Captioned web images:
------------

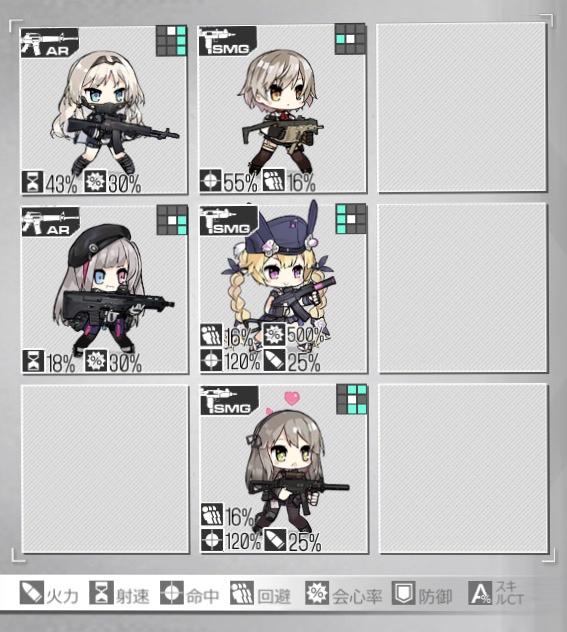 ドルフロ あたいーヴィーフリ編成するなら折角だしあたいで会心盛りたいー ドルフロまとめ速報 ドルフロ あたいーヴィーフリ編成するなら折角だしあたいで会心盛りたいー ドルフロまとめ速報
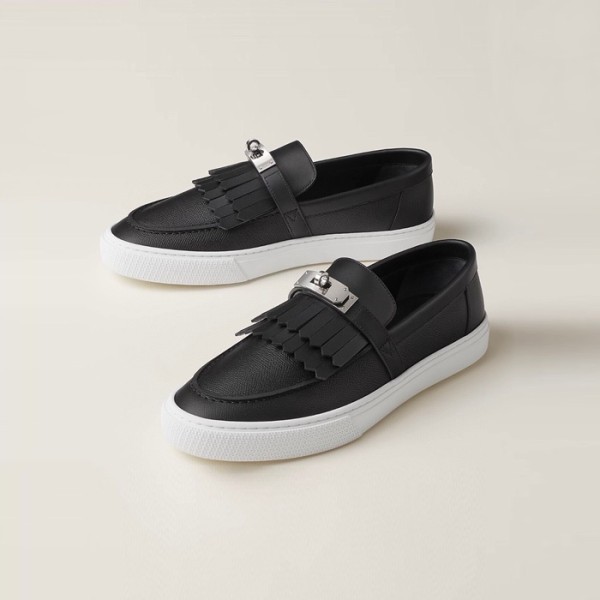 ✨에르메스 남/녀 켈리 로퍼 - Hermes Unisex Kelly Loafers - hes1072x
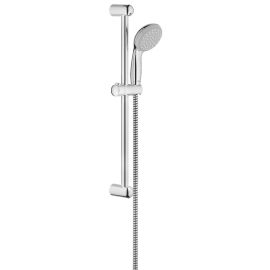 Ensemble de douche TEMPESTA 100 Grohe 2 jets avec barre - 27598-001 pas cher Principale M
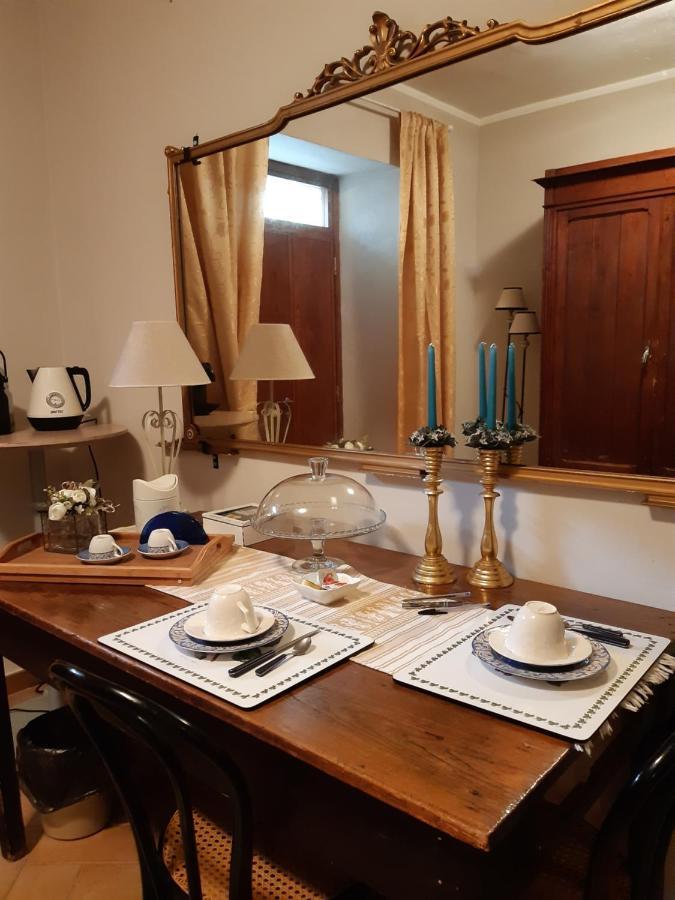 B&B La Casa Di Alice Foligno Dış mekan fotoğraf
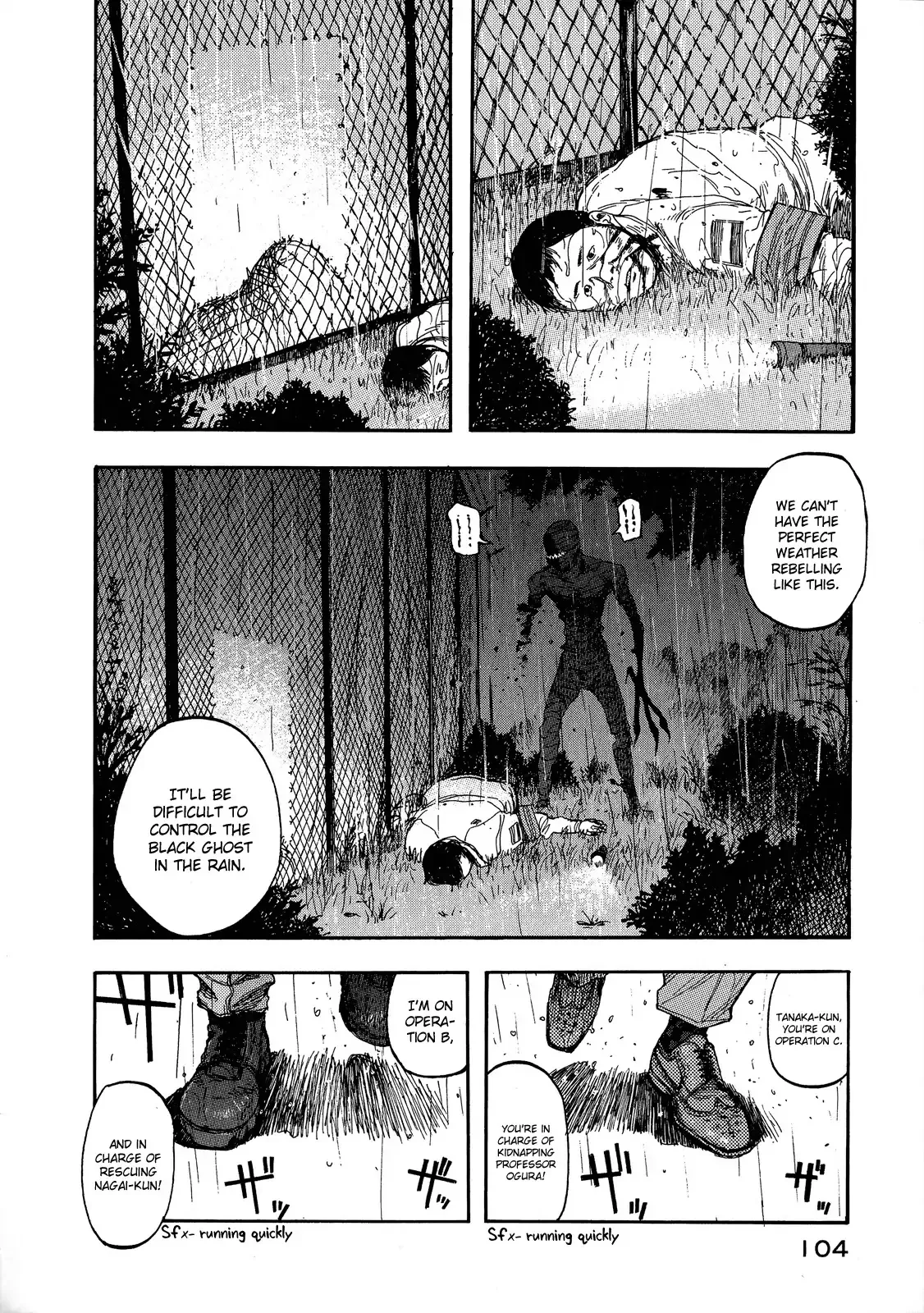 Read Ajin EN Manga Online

------------

Your instructions
Copy exactly the lines that run from the line containing "B&B La Casa" to the end of the data above, keeping both end lines and leaving out all pictures.

Worked solution
 B&B La Casa Di Alice Foligno Dış mekan fotoğraf
 Read Ajin EN Manga Online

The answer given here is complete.